If you need to go to a hospital or medical facility, you can:
- bring assistive equipment with you, such as a ventilator, cane, or wheelchair;
- bring a trained service animal with you in most cases*;
- bring a support person with you unless they are sick;
- ask for help with follow-up care and services.
For more information about disability rights in health care, the Disability Rights Education and Defense Fund offers a comprehensive overview. Please bookmark it for easy reference in case you ever need it.
How to advocate for your health care
Even in the best of times, advocating for one’s own health care can be difficult. However, you can make it easier by preparing ahead of time. Take a look at the ideas below and then think about additional things you can do that relates specifically to your own disability.
Do you need assistance during medical appointments or have special instructions for working with your disability? Consider writing your disability needs and communication preferences down on a placard and bring that with you to the hospital.
The National Association of the Deaf has created a toolkit for preparing for a hospital visit, which advises people to bring communication tools with them, like a pen and paper, and a whiteboard or a smartphone.
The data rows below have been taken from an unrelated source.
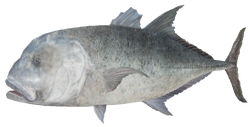 Dunkleosteus, Wii Fishing Resort Wiki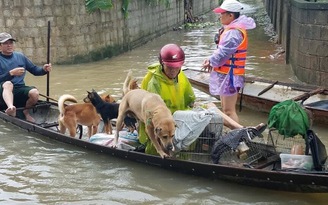 Cư dân mạng quan tâm: 'Đại hồng thủy' kinh hoàng ở Quảng Bình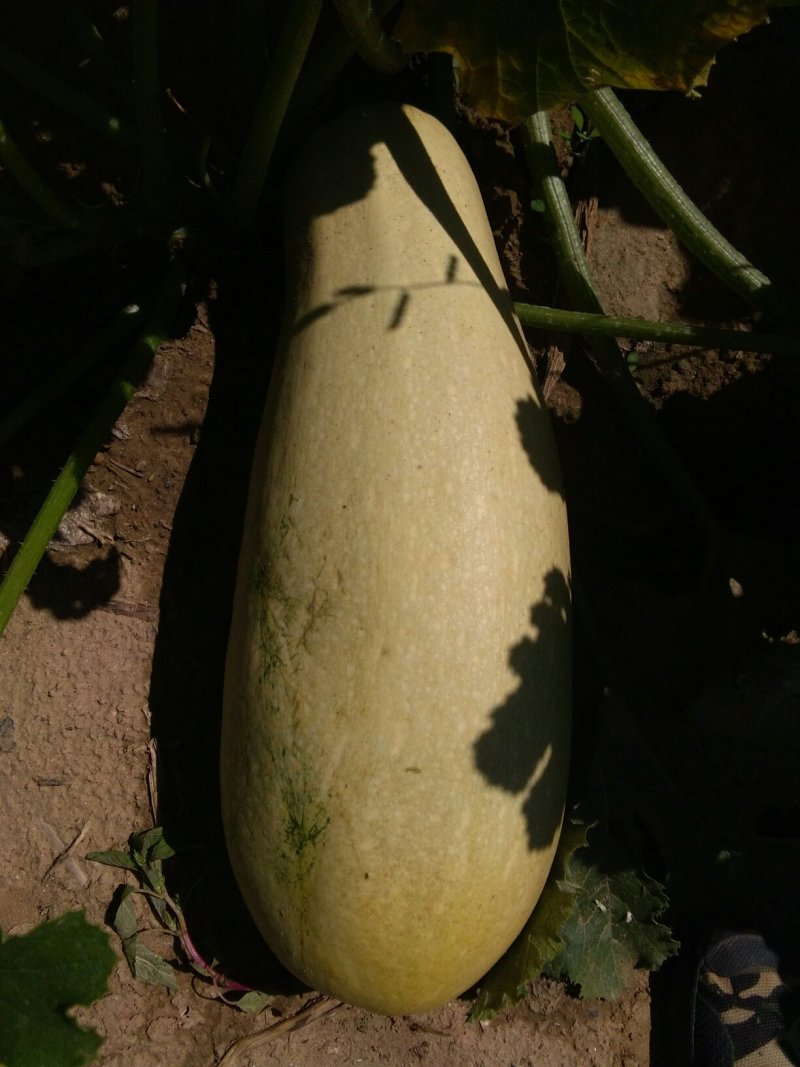 特大西葫芦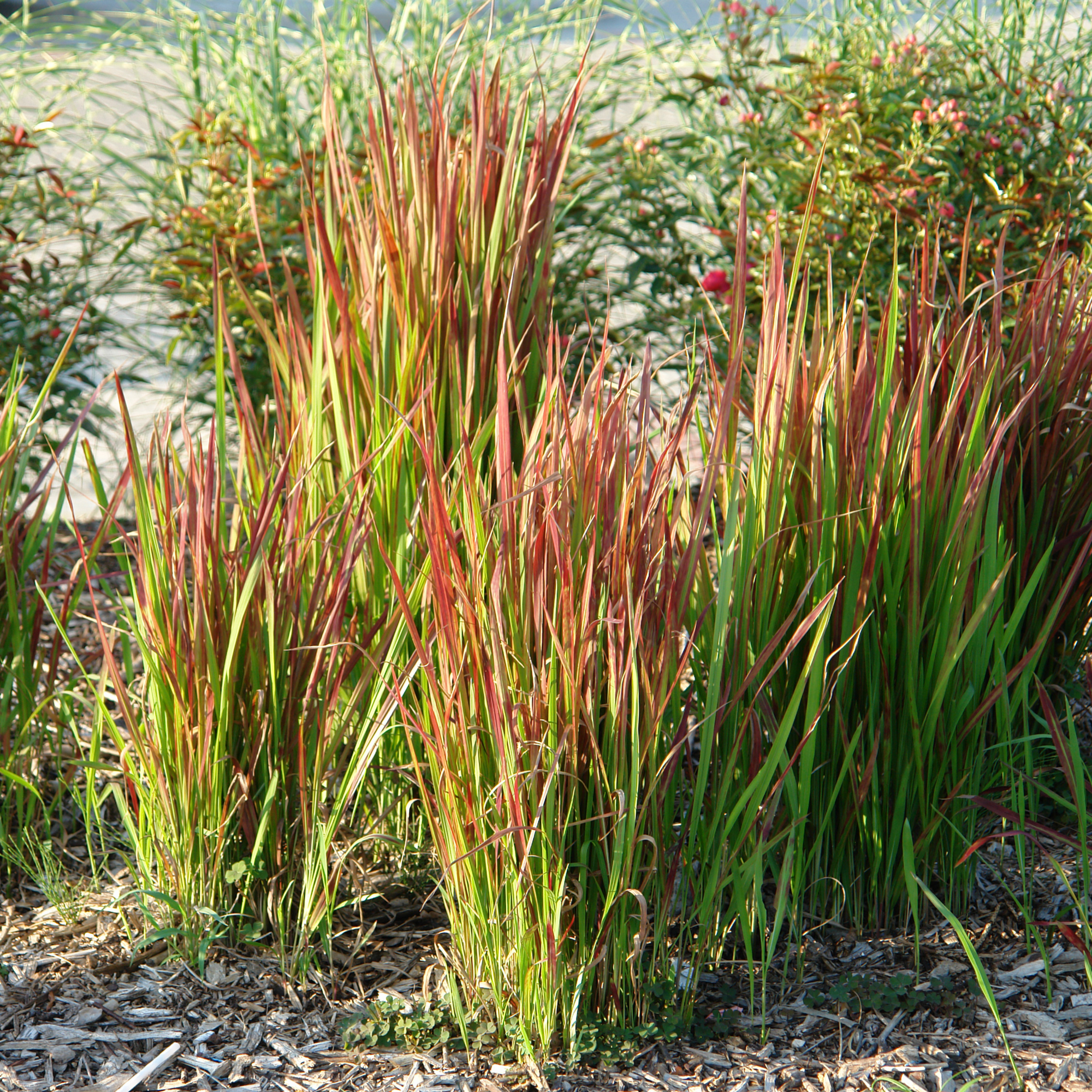 Imperata cylindrica Red Baron - Japanese Blood Grass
Although geared toward Deaf and hard of hearing individuals, this can apply to people with other types of disabilities as well.
How to advocate for others
Whether you have a disability or not, it’s important to be vigilant about advocating for yourself and each other.
Learn about ways you can act now to advocate for people with disabilities by visiting the #Nobody is Disposable website. And if you have personally experienced or witnessed discrimination based on disability, share your story with the Center for Public Integrity.